WORK TO BE COMPLETED
From the material below, reproduce exactly the stretch of lines that begins with the line holding "Paar Ohrhänger ONE" and ends with the line holding "アイルランド - 西海岸、グレンガリフ港。1912年9月～10月、航海学校の資格クラスによって調査された。", skipping the pictures.

TASK DATA
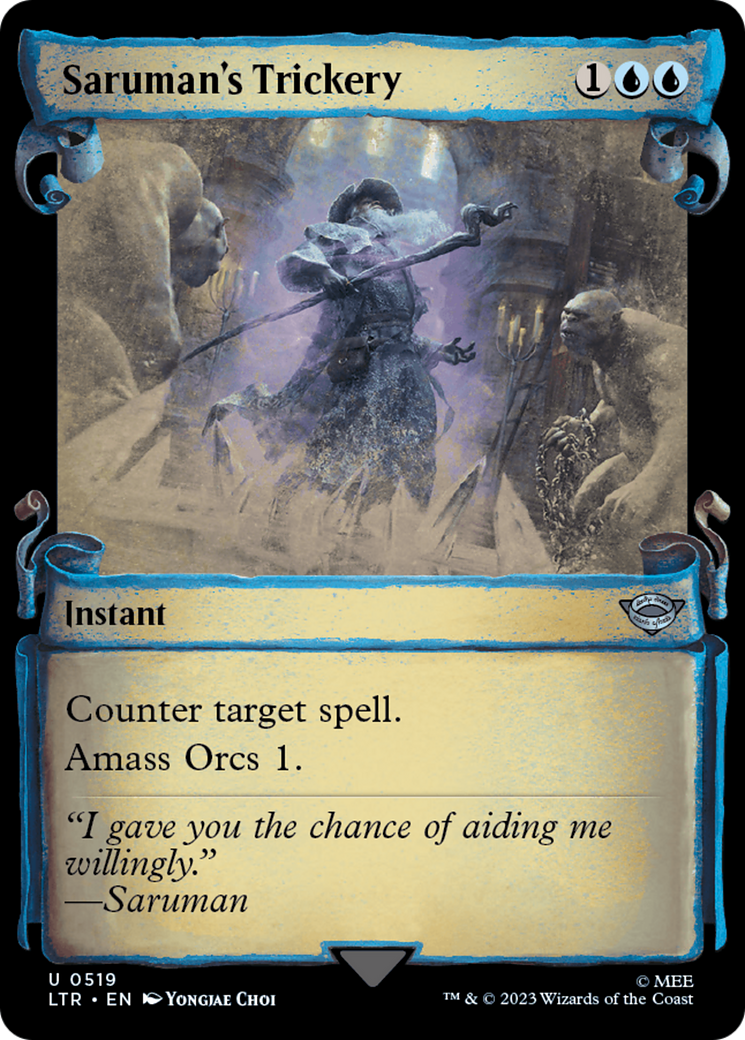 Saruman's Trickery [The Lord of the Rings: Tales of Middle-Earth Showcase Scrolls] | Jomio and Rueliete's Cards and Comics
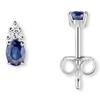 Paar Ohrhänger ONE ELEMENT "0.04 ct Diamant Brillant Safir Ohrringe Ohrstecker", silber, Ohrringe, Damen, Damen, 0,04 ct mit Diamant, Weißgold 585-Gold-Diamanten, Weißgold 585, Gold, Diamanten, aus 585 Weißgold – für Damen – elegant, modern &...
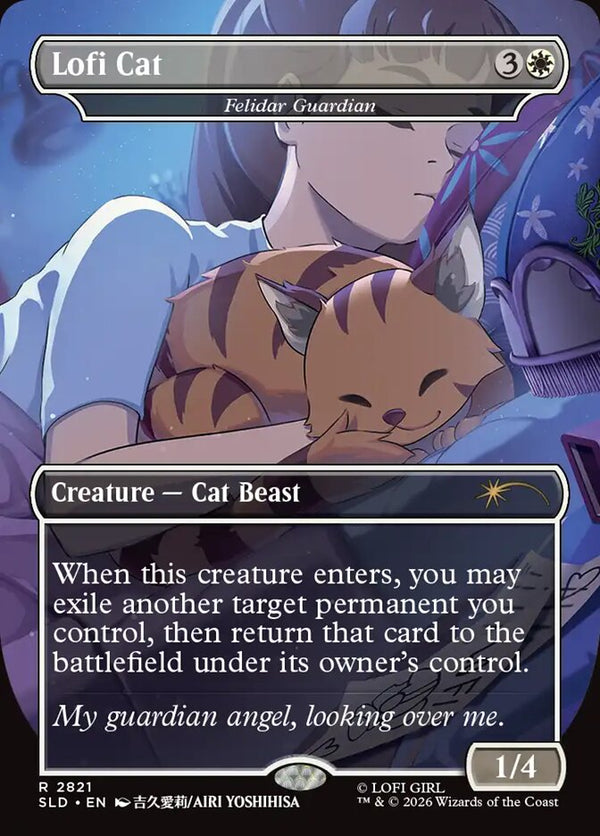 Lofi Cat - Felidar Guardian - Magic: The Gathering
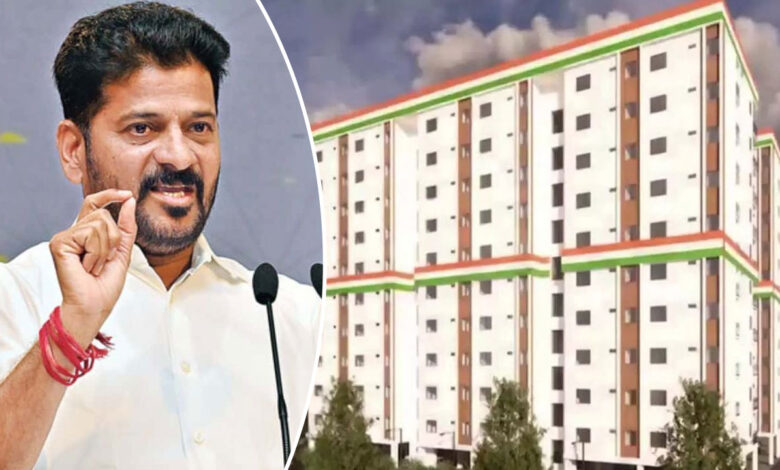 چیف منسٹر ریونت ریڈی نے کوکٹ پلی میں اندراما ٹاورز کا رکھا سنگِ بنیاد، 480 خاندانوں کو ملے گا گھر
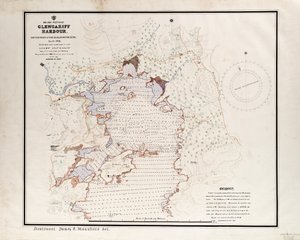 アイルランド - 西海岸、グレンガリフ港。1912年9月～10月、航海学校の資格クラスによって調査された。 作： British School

--

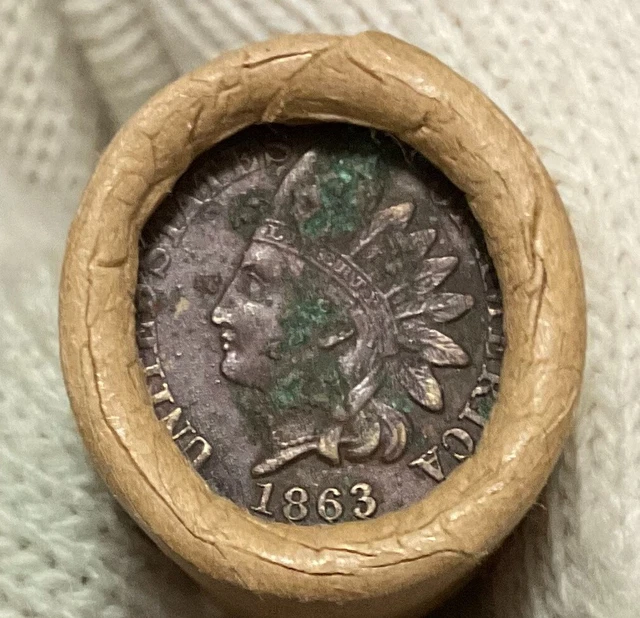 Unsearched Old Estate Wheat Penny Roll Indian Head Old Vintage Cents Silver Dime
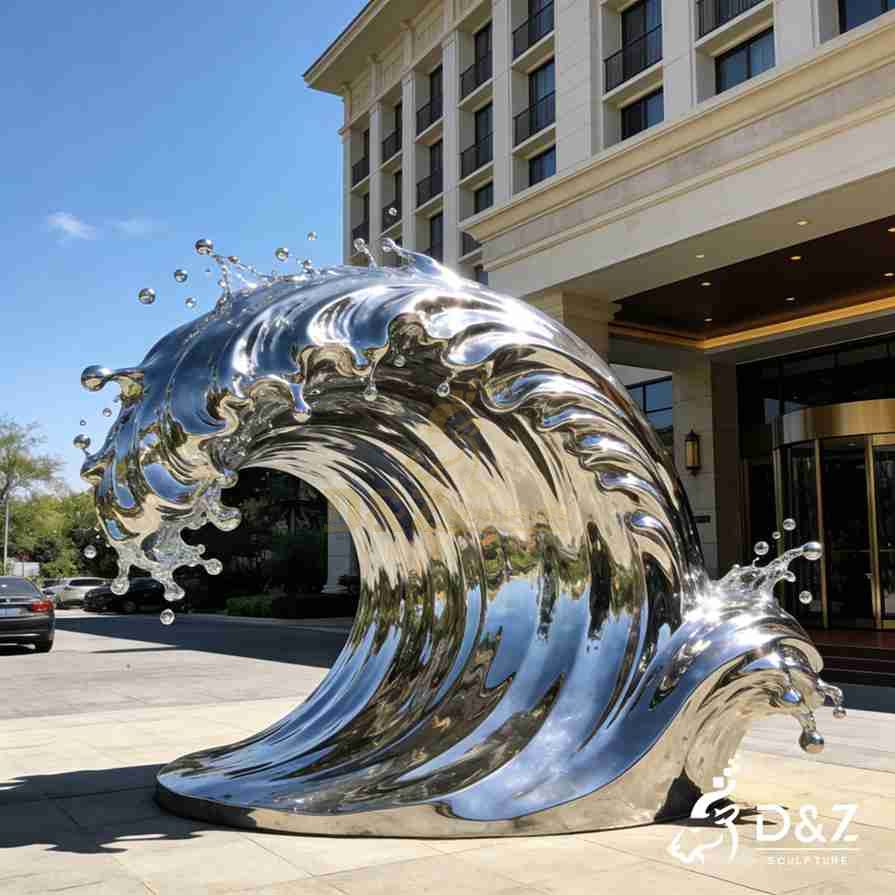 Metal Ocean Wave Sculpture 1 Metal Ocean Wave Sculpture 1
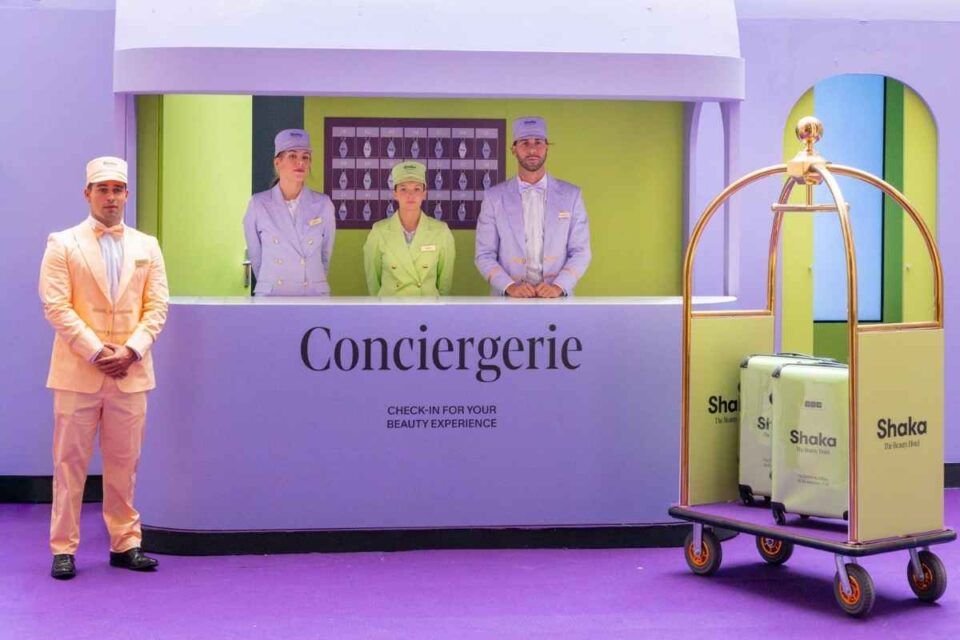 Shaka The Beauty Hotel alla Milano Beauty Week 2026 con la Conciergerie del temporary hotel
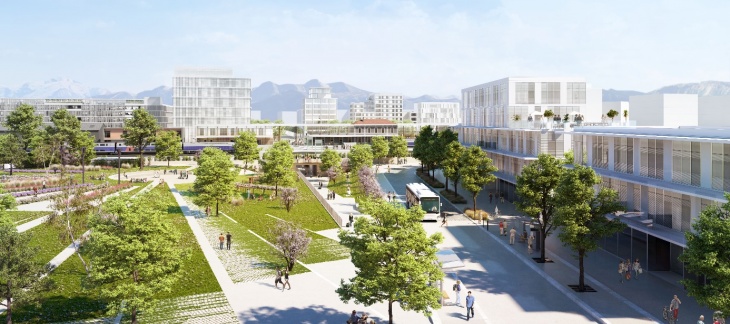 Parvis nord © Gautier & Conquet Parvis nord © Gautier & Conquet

ANSWER TO THE PROBLEM
 Paar Ohrhänger ONE ELEMENT "0.04 ct Diamant Brillant Safir Ohrringe Ohrstecker", silber, Ohrringe, Damen, Damen, 0,04 ct mit Diamant, Weißgold 585-Gold-Diamanten, Weißgold 585, Gold, Diamanten, aus 585 Weißgold – für Damen – elegant, modern &...
 Lofi Cat - Felidar Guardian - Magic: The Gathering
 چیف منسٹر ریونت ریڈی نے کوکٹ پلی میں اندراما ٹاورز کا رکھا سنگِ بنیاد، 480 خاندانوں کو ملے گا گھر
 アイルランド - 西海岸、グレンガリフ港。1912年9月～10月、航海学校の資格クラスによって調査された。 作： British School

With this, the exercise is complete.